Even Roux was thrilled to explore the monument, a combination of the long journey in his carseat and the vibrancy of the place itself. It’s bright and busy and truly the work of a mad genius. It’s kind of surreal. Roux loved the yellow brick road, the stairs leading to the top of the structure, I think he ascended at least half a dozen times.

While we probably spent only half the time out of the car actually at Salvation Mountain than we did sitting in the car on our way to get there, it was a super fun way to be together as a family. It took us out of our routine, which has been pretty unpleasant recently, and in so doing allowed us to just enjoy each other and the day.

As we headed home, we stopped at Alpine Beer Company Pub for a late lunch. As it turns out, it was place Mister Baker had wanted to go for a while and it just so happened to be on the way. How serendipitous.

Sitting at the table across from Mister Baker, my heart skipped a beat thinking about how I had always wanted to see Salvation Mountain with him, that it was always something I had hoped to share with him. A trademark of Southern California, the corner of this country from whence I came, yet a place I had never been myself, a new place for us to make ours. Getting to make it ours with our remarkable son in tow made the whole thing even more special to me, because when I’d originally imagined the two of us visiting Salvation Mountain, I never once thought we’d have a child together.
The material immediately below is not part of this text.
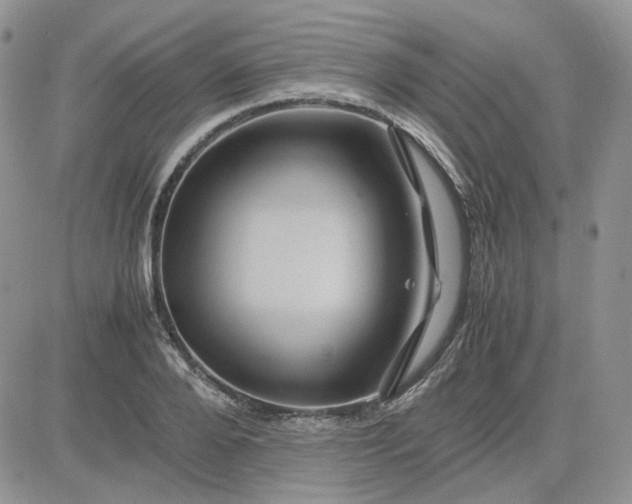 X0000081450888200701261910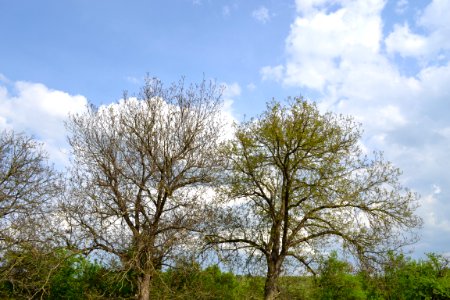 walnut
And yet, we do. And he’s three! And he’s the most spirited, charming, precious little person.

Sometimes the things we imagine for ourselves are the right things. And sometimes, they’re almost the right things. And sometimes, the things life has prepared for us are far greater than what we could have imagined on our own. The detours often lead to a better destination.

The bumps that have plagued our road these last few months have undoubtedly altered our course, but I’m willing to believe where we’re headed now is better than where we were headed previously.